Some content and themes commonly found in manga and anime could be cause for concern, depending on the age and maturity level of the reader or viewer.
“There’s sometimes material in Japanese young adult comics which American audiences might find objectionable,” says Jason Thompson, author of Manga: The Complete Guide.
For example, Japanese anime and manga display a more casual attitude toward cigarette smoking, violent themes, and nonsexual nudity. “When a character in a U.S. comic takes a bath, the water is opaque, while in a Japanese comic, the water is clear,” Brenner says. It’s incidental, not sexual, like a character taking a shower or accidentally walking in on someone changing clothes, she explains.
“The attitude toward death is also very different, with many characters lingering as ghosts after death, and a common manga trope is helping the restless ghost cross over and find peace,” Alverson says.
Navigating the Ratings
Like movies, video games, and other television shows, anime and manga are often labeled by a rating system to help parents navigate the variety and select the most appropriate shows and books.

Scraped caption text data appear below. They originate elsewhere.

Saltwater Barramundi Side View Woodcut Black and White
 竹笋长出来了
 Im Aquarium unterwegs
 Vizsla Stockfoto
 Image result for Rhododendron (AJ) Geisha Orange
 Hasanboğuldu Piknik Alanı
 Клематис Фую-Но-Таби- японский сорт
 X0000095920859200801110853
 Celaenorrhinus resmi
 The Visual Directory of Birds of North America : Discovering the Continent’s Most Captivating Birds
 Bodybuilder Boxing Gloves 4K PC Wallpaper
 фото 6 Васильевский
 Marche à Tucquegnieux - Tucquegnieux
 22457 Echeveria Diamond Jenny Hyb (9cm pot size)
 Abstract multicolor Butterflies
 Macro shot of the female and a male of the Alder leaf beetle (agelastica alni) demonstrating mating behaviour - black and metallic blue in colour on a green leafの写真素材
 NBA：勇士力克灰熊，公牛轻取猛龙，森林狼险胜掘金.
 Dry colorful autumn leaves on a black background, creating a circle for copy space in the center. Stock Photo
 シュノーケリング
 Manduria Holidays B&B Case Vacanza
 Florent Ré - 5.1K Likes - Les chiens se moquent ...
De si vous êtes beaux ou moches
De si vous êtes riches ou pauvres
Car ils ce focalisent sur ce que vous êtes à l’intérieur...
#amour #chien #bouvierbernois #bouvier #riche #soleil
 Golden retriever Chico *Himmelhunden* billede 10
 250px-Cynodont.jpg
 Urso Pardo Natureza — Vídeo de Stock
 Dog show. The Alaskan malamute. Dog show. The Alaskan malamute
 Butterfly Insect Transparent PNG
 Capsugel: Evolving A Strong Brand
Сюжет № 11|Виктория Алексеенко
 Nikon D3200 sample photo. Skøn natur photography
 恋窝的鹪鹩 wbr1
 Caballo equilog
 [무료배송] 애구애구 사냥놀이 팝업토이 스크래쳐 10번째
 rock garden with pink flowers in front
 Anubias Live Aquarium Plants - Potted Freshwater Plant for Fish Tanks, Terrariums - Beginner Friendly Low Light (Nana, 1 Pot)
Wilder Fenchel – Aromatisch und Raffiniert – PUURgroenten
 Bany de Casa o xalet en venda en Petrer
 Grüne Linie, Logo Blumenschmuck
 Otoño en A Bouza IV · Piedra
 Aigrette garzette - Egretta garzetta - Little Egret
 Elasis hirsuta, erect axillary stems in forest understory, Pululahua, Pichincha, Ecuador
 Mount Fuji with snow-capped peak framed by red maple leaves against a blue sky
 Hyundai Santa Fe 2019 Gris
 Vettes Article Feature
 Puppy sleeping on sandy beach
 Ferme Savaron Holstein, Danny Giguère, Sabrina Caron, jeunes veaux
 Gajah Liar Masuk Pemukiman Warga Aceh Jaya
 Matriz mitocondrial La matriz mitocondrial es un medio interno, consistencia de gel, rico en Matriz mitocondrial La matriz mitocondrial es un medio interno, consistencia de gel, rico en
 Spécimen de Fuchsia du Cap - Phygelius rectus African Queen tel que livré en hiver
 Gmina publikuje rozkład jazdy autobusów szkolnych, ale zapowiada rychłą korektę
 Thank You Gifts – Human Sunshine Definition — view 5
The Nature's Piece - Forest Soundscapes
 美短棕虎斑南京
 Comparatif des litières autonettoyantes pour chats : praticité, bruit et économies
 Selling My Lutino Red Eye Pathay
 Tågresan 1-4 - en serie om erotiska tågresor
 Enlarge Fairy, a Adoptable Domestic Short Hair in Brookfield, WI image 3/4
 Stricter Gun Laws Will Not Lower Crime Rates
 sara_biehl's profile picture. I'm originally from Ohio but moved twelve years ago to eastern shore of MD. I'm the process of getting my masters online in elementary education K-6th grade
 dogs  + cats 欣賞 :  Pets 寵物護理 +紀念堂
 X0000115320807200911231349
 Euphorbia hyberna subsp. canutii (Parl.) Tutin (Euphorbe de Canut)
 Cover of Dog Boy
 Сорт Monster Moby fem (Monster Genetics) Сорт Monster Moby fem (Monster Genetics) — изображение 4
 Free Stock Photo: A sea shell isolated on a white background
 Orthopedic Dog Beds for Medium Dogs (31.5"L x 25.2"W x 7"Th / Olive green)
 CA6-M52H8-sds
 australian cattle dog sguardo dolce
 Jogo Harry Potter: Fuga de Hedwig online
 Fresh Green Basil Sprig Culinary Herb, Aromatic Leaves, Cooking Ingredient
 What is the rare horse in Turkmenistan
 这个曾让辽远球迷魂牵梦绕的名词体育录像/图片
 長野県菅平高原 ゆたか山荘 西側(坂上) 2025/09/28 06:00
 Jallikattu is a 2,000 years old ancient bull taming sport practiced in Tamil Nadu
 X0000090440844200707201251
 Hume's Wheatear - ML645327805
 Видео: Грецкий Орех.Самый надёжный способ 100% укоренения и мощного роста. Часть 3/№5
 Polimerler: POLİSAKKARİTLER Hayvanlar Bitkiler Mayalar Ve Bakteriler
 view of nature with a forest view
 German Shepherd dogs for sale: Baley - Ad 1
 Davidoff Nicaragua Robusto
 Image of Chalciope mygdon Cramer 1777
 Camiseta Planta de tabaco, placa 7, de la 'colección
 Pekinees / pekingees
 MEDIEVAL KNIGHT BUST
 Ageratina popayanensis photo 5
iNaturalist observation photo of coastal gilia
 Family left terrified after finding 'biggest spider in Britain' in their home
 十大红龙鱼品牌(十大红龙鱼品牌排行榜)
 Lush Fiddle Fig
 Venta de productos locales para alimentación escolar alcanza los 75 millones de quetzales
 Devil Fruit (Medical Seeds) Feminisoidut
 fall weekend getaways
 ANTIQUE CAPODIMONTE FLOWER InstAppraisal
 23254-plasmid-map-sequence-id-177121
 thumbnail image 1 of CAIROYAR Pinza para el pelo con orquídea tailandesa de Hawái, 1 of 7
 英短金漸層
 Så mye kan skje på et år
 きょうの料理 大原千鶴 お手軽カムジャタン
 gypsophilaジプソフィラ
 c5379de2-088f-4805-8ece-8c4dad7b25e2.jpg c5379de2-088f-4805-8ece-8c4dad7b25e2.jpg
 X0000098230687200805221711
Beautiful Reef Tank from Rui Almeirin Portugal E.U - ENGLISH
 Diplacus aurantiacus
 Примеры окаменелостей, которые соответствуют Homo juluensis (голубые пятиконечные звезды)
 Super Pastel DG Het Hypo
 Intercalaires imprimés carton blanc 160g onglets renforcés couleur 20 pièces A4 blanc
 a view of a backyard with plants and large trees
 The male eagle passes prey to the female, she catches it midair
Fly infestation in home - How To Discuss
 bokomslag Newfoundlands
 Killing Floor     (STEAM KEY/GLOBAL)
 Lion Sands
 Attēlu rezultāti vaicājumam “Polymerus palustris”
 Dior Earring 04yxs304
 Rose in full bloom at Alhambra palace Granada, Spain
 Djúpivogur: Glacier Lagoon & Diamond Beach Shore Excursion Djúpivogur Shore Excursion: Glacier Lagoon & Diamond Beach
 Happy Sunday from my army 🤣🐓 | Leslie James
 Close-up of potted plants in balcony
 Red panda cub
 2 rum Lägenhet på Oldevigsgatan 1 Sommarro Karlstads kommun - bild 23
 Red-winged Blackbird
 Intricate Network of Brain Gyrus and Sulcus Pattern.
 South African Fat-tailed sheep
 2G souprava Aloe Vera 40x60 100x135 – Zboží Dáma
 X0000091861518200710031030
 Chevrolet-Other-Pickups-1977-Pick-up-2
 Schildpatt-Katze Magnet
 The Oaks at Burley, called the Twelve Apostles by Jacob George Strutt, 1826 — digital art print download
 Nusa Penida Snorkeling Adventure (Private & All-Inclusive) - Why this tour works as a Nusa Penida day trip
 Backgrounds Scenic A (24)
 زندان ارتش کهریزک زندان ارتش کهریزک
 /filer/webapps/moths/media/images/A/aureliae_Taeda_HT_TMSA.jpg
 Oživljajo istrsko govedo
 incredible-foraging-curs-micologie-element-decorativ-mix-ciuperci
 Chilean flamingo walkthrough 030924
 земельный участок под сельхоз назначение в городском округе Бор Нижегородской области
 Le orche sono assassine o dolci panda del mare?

Common Sense Media features reviews of television series and films, with a clear explanation of age appropriateness, to help parents decide which anime is best for their child and informs them about the themes kids might encounter. And as with any television show, parents should note the on-screen rating that appears throughout the show. Daytime and evening programming on channels geared toward children is generally appropriate for ages 13 and younger, but after 9pm content can be considerably more mature.
Most manga publishers in North America use a ratings system similar to the Motion Picture Association of America, explains Kate Dacey, a contributor to Good Comics for Kids blog.
'All Ages’ corresponds to a ‘G’ rating, for example, and is appropriate for readers as young as 6, while ‘Youth’ is equivalent to a ‘PG’ rating, and is appropriate for readers 10 and older, Dacey says. ‘Teen,’ ‘Older Teen,’ and ‘Mature’ ratings indicate the presence of strong language, sexual themes (implied or explicit), and graphic violence. Ratings tend to be conservative, but label qualifiers like “violence” and “strong language” will help you decide what is appropriate for your child.
Rating labels are typically found on the back cover of each issue, and librarians and comic book store staff should be able to offer some guidance on specific books.
Nothing, however, beats looking through the pages yourself to become familiar with the style and make sure you’re comfortable with the content, Alverson suggests. “It’s not uncommon for manga to get more intense as the series goes on,” she warns. And as a general rule, steer clear of shrink-wrapped manga: It’s probably for readers 18 or older.